Summary
Mr. Utterson and Mr. Enfield are taking one of their customary Sunday strolls and, by chance, their path takes them past “that door,” the door that they agreed never to speak of again. They pause now and look at it. Enfield thinks that Mr. Hyde will never be heard of again, and Utterson is quick to agree. He then asks Enfield if he ever told his old friend that he actually saw Hyde, and, furthermore, that when he saw the man, he was filled with a fierce feeling of revulsion. Enfield remarks that it’s impossible to see Hyde and not feel nauseated.
Utterson suggests that they step into the courtyard for a look at the windows, and as they do, he reveals his uneasiness about Dr. Jekyll’s health. Ominously, he says that perhaps just “the presence of a friend” outside, in the court, might strengthen the poor man.
The two men survey the windows of Jekyll’s quarters, and their eyes are drawn to one window in particular. It is half-open and sitting close beside it, looking like a prisoner in solitary confinement, is Dr. Jekyll. Unhesitatingly, Utterson calls out to the doctor, “Jekyll, I trust you are better.”
Jekyll’s reply is dreary: He feels low, very low, and fears that he “will not last long, thank God.” Trying to cheer his old friend, Utterson urges Jekyll to get out — “whip up the circulation” — and he invites Jekyll to join him and Enfield.
Jekyll sighs. He says that Utterson is a good man for suggesting a stroll together, but he cannot join them; he dare not. Yet, he stresses that he is very glad to see Utterson, and he would like to invite the two men up, but “the place is really not fit.” Utterson suggests then that they converse where they are, and the suggestion causes Jekyll to turn and smile at them.
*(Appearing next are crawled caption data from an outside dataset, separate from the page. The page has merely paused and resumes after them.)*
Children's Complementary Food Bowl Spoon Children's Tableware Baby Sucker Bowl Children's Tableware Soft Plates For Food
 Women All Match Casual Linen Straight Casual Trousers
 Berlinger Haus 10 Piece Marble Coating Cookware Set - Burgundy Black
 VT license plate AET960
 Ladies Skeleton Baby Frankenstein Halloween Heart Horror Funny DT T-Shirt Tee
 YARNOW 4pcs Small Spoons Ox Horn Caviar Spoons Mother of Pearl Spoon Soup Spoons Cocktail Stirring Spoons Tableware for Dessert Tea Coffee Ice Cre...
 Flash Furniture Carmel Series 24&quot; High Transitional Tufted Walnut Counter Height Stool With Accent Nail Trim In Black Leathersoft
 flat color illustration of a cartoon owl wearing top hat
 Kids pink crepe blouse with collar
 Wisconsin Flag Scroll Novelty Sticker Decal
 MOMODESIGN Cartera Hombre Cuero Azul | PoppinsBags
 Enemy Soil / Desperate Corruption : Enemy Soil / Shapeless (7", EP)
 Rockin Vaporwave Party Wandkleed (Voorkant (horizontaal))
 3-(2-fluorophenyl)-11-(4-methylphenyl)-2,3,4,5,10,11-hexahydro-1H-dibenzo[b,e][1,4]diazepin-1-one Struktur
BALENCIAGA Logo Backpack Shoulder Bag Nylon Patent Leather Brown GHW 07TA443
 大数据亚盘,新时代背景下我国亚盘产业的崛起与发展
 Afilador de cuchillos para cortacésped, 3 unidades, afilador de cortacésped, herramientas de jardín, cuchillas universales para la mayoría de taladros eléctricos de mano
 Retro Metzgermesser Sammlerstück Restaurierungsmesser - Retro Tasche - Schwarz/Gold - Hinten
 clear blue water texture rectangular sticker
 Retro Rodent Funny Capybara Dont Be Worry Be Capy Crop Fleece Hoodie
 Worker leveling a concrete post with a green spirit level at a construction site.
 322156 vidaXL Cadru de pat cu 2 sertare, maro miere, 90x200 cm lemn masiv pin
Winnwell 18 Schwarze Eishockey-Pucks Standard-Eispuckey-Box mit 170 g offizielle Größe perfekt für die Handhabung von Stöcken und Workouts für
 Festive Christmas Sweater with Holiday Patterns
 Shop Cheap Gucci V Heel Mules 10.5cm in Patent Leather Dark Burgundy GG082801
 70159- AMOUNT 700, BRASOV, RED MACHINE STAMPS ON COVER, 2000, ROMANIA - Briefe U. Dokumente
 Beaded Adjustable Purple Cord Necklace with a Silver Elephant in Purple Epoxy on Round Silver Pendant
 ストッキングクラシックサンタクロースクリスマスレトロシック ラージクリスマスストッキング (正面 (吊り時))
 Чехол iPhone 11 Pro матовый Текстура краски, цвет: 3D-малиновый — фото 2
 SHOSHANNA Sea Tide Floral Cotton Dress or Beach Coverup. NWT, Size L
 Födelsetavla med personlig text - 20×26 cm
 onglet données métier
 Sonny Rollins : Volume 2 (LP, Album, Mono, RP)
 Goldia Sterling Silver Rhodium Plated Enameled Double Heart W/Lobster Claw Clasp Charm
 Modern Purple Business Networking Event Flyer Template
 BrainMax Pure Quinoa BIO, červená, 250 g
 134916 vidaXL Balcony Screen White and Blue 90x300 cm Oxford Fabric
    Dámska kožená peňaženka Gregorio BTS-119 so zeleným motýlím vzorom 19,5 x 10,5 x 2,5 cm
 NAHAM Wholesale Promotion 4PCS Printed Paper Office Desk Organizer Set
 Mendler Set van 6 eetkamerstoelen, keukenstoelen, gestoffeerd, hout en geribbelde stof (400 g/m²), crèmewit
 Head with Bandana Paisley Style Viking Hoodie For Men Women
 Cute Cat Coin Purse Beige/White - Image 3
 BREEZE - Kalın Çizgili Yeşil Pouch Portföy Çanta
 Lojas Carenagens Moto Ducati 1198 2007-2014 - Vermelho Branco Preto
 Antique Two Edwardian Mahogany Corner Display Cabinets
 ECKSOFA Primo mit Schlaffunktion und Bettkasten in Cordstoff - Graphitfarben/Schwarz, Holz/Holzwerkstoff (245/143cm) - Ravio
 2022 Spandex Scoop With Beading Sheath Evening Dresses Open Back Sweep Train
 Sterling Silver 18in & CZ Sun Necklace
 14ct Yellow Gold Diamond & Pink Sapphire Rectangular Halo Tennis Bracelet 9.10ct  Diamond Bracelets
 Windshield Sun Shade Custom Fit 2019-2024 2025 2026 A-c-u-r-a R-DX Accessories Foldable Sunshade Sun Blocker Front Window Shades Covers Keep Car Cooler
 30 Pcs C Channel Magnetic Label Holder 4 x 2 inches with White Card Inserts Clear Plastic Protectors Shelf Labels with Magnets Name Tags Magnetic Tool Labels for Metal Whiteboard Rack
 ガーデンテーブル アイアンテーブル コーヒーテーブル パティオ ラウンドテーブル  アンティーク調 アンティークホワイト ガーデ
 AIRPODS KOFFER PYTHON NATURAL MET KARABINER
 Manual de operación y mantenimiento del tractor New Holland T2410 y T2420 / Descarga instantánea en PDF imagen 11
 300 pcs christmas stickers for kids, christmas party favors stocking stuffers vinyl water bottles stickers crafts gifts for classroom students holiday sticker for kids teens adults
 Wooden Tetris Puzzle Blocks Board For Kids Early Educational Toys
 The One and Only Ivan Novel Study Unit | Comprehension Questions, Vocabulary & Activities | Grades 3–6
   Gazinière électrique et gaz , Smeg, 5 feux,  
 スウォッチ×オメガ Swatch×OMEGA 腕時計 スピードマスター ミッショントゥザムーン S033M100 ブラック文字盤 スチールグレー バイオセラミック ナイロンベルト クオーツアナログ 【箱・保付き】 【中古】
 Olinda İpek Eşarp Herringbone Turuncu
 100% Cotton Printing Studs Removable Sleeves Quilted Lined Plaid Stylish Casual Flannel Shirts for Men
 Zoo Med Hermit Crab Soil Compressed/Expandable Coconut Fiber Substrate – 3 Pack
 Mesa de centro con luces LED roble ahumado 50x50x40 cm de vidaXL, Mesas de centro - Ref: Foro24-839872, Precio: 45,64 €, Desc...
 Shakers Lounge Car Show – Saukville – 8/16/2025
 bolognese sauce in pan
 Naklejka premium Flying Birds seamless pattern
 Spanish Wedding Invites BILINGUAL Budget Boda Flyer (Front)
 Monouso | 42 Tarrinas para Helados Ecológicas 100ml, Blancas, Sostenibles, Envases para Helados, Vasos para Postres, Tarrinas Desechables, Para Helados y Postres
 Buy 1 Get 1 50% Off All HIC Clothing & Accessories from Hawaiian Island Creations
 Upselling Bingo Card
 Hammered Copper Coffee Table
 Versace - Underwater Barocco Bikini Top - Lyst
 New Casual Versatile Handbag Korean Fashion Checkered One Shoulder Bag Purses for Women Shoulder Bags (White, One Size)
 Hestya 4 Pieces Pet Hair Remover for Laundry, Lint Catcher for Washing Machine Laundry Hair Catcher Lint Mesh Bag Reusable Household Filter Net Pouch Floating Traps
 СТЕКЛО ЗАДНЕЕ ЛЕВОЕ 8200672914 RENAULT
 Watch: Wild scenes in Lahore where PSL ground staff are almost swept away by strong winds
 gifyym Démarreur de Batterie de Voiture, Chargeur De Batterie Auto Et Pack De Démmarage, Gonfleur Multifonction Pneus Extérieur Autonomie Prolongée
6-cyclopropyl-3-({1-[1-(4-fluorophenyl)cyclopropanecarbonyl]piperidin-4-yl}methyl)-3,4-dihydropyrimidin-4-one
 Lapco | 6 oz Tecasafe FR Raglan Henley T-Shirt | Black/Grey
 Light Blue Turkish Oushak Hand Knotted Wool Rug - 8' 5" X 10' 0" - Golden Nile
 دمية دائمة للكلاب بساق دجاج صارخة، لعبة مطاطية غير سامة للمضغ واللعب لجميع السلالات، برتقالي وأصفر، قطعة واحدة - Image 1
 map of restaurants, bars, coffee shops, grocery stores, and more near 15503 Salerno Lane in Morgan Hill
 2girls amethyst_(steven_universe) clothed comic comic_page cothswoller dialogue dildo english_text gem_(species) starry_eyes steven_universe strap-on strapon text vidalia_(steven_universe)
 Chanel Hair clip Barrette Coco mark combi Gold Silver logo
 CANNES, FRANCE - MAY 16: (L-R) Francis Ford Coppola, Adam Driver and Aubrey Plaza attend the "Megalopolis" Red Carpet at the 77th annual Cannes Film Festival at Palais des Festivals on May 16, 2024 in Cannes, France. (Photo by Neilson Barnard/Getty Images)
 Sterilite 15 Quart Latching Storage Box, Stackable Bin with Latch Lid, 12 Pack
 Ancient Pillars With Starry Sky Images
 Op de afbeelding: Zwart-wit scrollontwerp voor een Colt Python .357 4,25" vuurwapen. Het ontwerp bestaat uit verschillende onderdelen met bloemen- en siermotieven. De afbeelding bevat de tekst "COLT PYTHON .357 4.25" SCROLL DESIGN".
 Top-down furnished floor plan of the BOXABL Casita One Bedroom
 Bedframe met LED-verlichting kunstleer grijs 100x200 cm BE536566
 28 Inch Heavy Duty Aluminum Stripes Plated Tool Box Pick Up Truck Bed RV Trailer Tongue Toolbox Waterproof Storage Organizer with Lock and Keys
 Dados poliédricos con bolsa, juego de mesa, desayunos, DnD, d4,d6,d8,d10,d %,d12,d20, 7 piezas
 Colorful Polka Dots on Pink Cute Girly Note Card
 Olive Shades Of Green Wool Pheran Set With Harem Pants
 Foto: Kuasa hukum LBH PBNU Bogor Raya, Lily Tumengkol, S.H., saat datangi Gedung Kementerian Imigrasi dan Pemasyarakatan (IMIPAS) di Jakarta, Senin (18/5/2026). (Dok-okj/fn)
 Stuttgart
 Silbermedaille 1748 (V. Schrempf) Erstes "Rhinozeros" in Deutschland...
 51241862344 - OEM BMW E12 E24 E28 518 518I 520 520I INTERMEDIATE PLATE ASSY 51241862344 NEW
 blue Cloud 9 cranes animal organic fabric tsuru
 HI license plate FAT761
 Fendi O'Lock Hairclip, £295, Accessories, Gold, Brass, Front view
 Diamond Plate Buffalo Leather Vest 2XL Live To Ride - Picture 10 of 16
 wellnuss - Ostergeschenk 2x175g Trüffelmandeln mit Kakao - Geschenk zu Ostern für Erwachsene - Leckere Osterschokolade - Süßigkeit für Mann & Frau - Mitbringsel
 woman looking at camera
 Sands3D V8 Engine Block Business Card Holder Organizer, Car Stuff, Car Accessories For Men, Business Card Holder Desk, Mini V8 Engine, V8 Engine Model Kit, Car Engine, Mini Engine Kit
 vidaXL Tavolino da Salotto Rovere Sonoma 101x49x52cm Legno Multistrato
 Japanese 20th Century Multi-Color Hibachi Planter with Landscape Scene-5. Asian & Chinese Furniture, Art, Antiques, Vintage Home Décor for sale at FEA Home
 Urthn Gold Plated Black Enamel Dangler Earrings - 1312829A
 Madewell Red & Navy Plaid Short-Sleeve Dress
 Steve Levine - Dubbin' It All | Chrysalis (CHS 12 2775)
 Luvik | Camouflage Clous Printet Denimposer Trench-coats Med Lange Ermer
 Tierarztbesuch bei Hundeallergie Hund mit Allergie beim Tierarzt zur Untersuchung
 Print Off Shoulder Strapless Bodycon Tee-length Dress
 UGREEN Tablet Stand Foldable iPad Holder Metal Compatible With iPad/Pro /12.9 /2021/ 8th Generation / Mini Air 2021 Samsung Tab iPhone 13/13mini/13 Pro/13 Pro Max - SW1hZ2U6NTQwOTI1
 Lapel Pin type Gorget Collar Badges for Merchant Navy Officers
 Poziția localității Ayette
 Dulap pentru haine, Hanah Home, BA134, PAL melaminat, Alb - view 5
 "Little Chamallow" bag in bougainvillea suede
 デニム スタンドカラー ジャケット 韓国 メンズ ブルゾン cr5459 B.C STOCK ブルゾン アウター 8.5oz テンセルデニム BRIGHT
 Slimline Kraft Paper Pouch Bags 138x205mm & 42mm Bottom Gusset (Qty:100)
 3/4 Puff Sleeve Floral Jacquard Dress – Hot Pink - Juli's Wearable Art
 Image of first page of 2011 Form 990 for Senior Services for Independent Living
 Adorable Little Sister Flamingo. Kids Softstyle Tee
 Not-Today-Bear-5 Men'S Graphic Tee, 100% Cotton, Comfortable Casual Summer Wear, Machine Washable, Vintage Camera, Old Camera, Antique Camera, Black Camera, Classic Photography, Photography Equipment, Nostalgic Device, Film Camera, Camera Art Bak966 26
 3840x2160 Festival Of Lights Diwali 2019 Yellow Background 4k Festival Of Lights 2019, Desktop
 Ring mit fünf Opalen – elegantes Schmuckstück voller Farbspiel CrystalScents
But suddenly his features convulse and freeze in an expression of “abject terror and despair.” The narrator tells us that the change in Jekyll’s expression was so instantaneous and so horrible that it “froze the very blood of the two gentlemen below.”
Jekyll’s window is jerked down so viciously that, without a word, Utterson and Enfield turn and leave the courtyard. They do not speak to one another until they reach a neighboring thoroughfare, where there are “still some stirrings of life.” Both men are so pale that when they look at one another, there is “an answering horror in their eyes.”
Utterson speaks softly, “God forgive us, God forgive us.” Enfield nods, and the two men walk on once more in silence.
Analysis
Chapter 7 is obviously the shortest Chapter in the novel, only about two pages long, but it contains a key scene: During the walk that Utterson and Enfield take, they find themselves before that same door which prompted Enfield to relate the story of his encounter with Hyde in Chapter 1. Likewise, here are the three windows that were half-open in Jekyll’s laboratory, described in Chapter 5. Now the reader is fully aware of the significance of the front of Jekyll’s house with its great facade and its elegant interior, as contrasted to the back entrance (Hyde’s entrance), with its dilapidated structure.
Some readers and students feel cheated that Stevenson does not fully reveal what Utterson saw at the window in Jekyll’s face just before Jekyll slams the window down and disappears. We must only assume that suddenly Jekyll takes on some of Hyde’s traits, and that now both Utterson and Enfield have had a glimpse of the duality of man, of the evil that resides in the soul of man. But whereas Lanyon was a man who could not tolerate such an insight, Utterson and Enfield both belong to a different world. Enfield is “that man about town” who has theoretically seen many sorts of things, and Utterson, from the first pages, is a man who is not quick to judge his fellow man. Yet each of these men, upon seeing something in Dr. Jekyll’s face, feel “abject terror and despair” and what they see freezes “the very blood of the two gentlemen.”